Iowa Alumni Magazine | February 2006 | People

Pollen Lover: Jim Huber

By Mary Fishburn
Jim Huber works with state geological surveyors, national foresters, environmental archaeological consulting firms, and universities to uncover clues about what the climate was like thousands of years ago.

Watery eyes and runny noses are what most people associate with pollen, but Jim Huber views the tiny particles as keys that can unlock exciting discoveries about the past.

Huber, 79BA, 80BS, uses ancient pollen samples to reconstruct what the environment and vegetation looked like thousands of years ago, a science dubbed palynology.

In the past four years as a private consultant, he has studied pollen and sediment samples for public firms and universities around the globe. From his home lab in Vinton—a barn filled with beakers, centrifuge tubes, balances, and ovens—Huber explores times when mammoths, mastodons, and red pandas ruled the planet. "You never know what you're going to find," he says.

From microscopic clues, he's determined the season when a 2,000-year-old Chilean mummy was buried and discovered when wild rice became available for North American consumption in northeast Minnesota.

Huber's childhood interests in forestry, archaeology, and geology led him to geoscience classes at Iowa, where UI emeritus professor Dick Baker sparked his pollen passion. After graduating with a B.A. in anthropology, Huber went on to earn advanced degrees in geology and interdisciplinary archaeology from the University of Minnesota and worked in a laboratory there for 21 years before returning to Iowa.

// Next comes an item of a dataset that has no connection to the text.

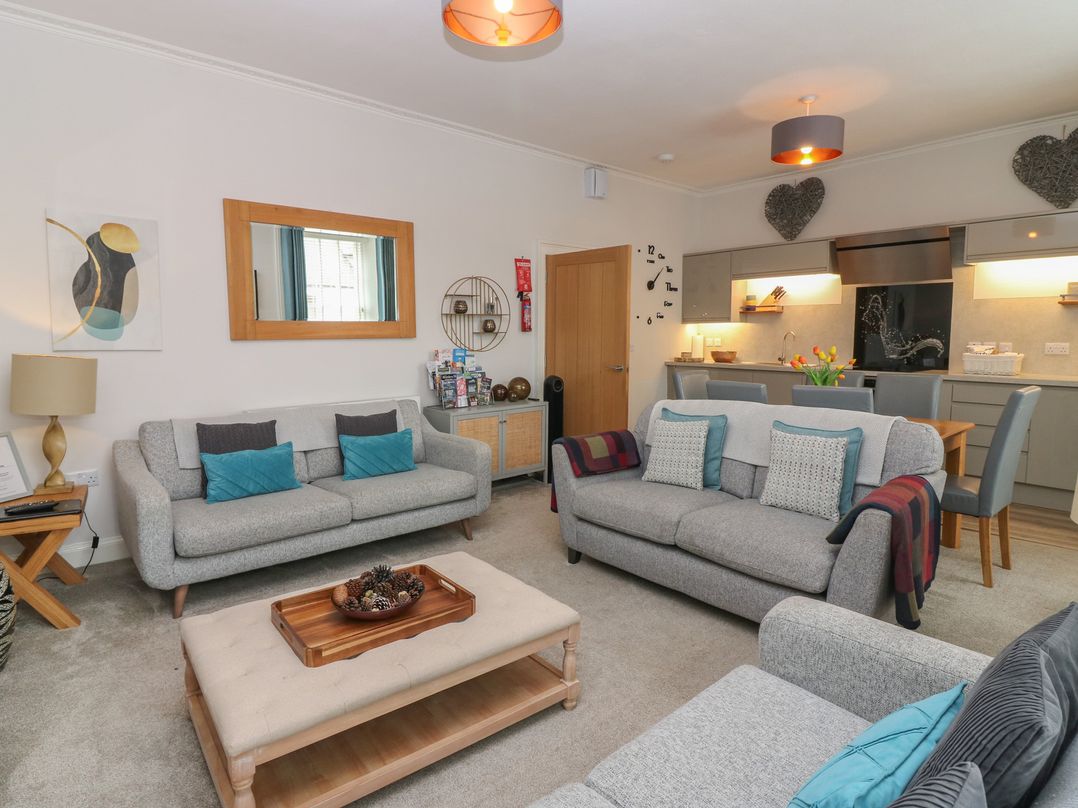 A living room with sofas and a coffee table at 2 Abbey Row in Kelso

Now a UI adjunct geoscience instructor, Huber is currently examining pollen samples to provide researchers information about the vegetation that sustained southern Iowa's prehistoric giant sloths. He doesn't always dabble in the extinct, though. Once, he helped Minnesota police investigate a kidnapping and murder. Huber analyzed mud in the wheel well of the getaway truck, hoping to find information about where the vehicle had been—and possibly lead police to the missing woman.

"That was a stressful job," he says. "I had to be as accurate as possible because one tiny mistake would have led police in the wrong direction."

Huber's favorite part of the job will never make an episode of CSI, though. He's happiest analyzing pollen and writing up reports. "Then I get to share them with other people who can build on my work," he says. "That's the foundation of science."